Your goal: Repeat the data verbatim, images excluded.

Data supplied:
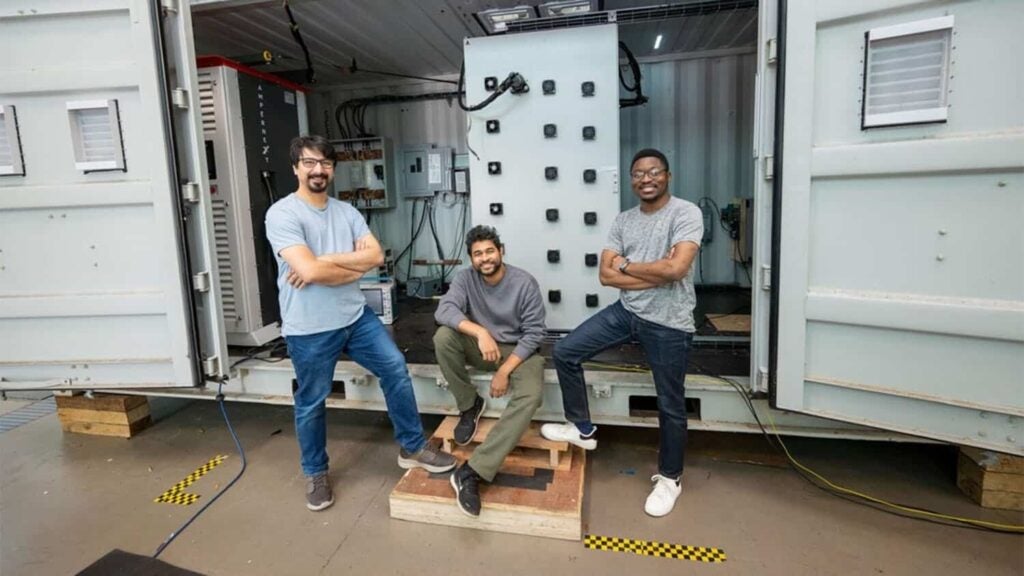 Three NC State researchers stand in front of the megawatt-class solid-state transformer developed for field testing on a utility distribution feeder.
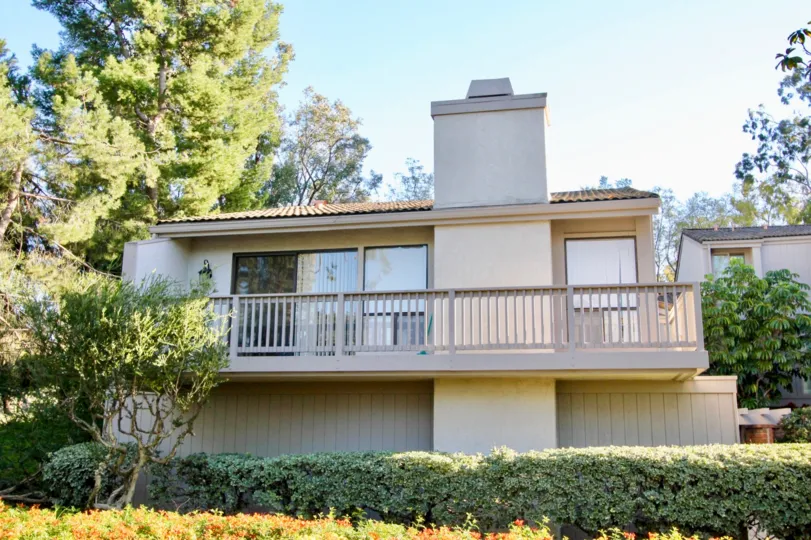 A white house with many windows and a large chimney is in Irvine California.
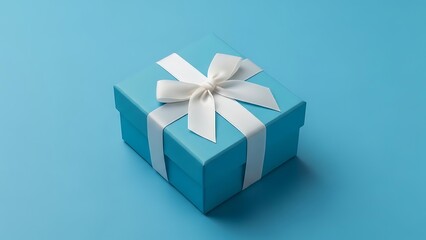 Obraz premium Blue gift box with white ribbon bow on blue box wrapped present
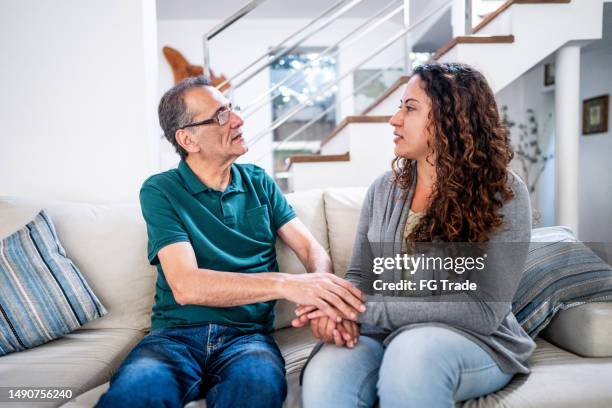 traurige junge frau, die von ihrem vater im wohnzimmer zu hause getröstet wird - alte und junge lesbische frauen stock-fotos und bilder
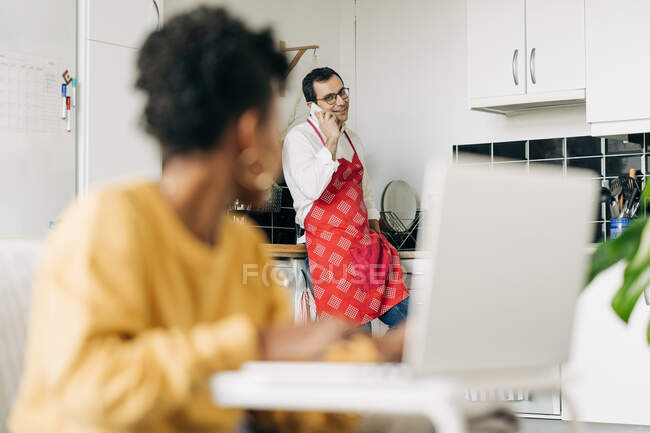 Hombre en delantal hablando en el teléfono inteligente en la cocina y la mujer negra portátil de navegación en casa - foto de stock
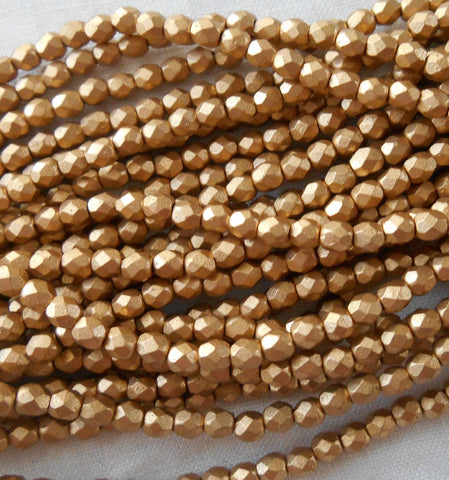 50 3mm Matte Metallic Gold Flax Czech glass beads, firepolished, faceted round beads C7550 - Glorious Glass Beads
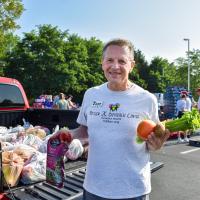 man holding produce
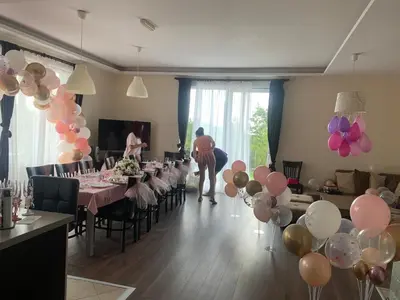 a woman standing in a room with tables with balloons at Vakarel Residence in Vakarel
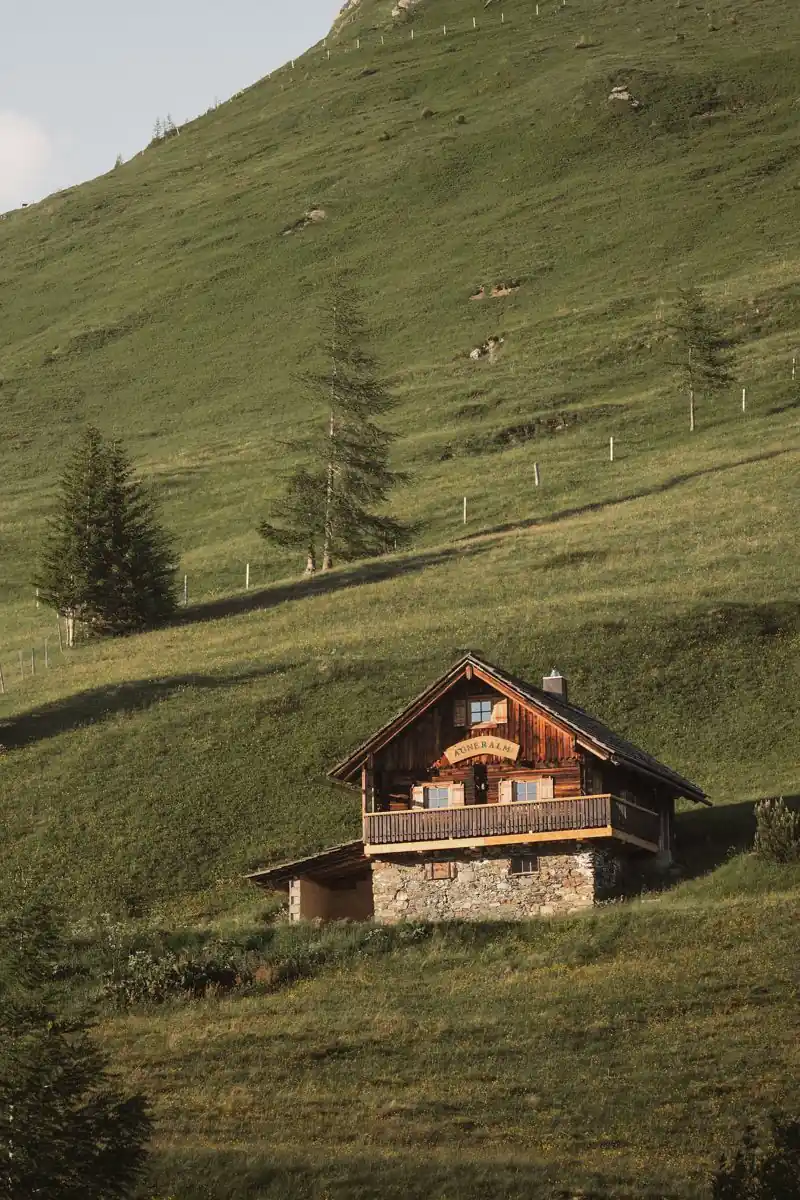 Almhütte am Berghang im Abendlicht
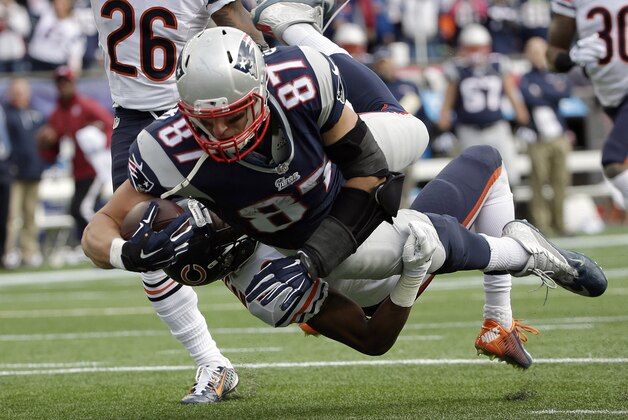 New England Patriots tight end Rob Gronkowski (87) carries Chicago Bears defensive back Al Louis-Jean (39) into the end zone while scoring a touchdown in the second half of an NFL football game on Sunday, Oct. 26, 2014, in Foxborough, Mass. (AP Photo/Steven Senne)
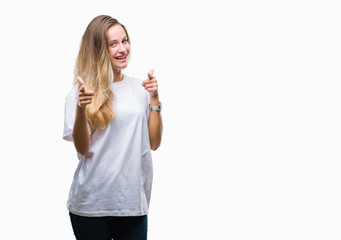 Young beautiful blonde woman wearing casual white t-shirt over isolated background pointing fingers to camera with happy and funny face. Good energy and vibes.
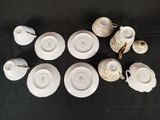 a group of cups and saucers sitting on a table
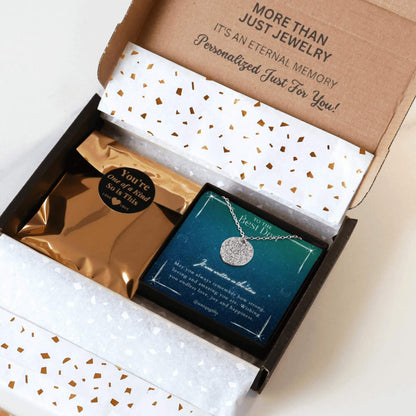 Personalized silver necklace with a coin pendant engraved in custom star map, packaging in a gift box with a festive greeting card for best dad and gold confetti paper, held by hands against a neutral background.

Response area:
 Three NC State researchers stand in front of the megawatt-class solid-state transformer developed for field testing on a utility distribution feeder.
 A white house with many windows and a large chimney is in Irvine California.
 Obraz premium Blue gift box with white ribbon bow on blue box wrapped present
 traurige junge frau, die von ihrem vater im wohnzimmer zu hause getröstet wird - alte und junge lesbische frauen stock-fotos und bilder
 Hombre en delantal hablando en el teléfono inteligente en la cocina y la mujer negra portátil de navegación en casa - foto de stock
 50 3mm Matte Metallic Gold Flax Czech glass beads, firepolished, faceted round beads C7550 - Glorious Glass Beads
 man holding produce
 a woman standing in a room with tables with balloons at Vakarel Residence in Vakarel
 Almhütte am Berghang im Abendlicht
 New England Patriots tight end Rob Gronkowski (87) carries Chicago Bears defensive back Al Louis-Jean (39) into the end zone while scoring a touchdown in the second half of an NFL football game on Sunday, Oct. 26, 2014, in Foxborough, Mass. (AP Photo/Steven Senne)
 Young beautiful blonde woman wearing casual white t-shirt over isolated background pointing fingers to camera with happy and funny face. Good energy and vibes.
 a group of cups and saucers sitting on a table
 Personalized silver necklace with a coin pendant engraved in custom star map, packaging in a gift box with a festive greeting card for best dad and gold confetti paper, held by hands against a neutral background.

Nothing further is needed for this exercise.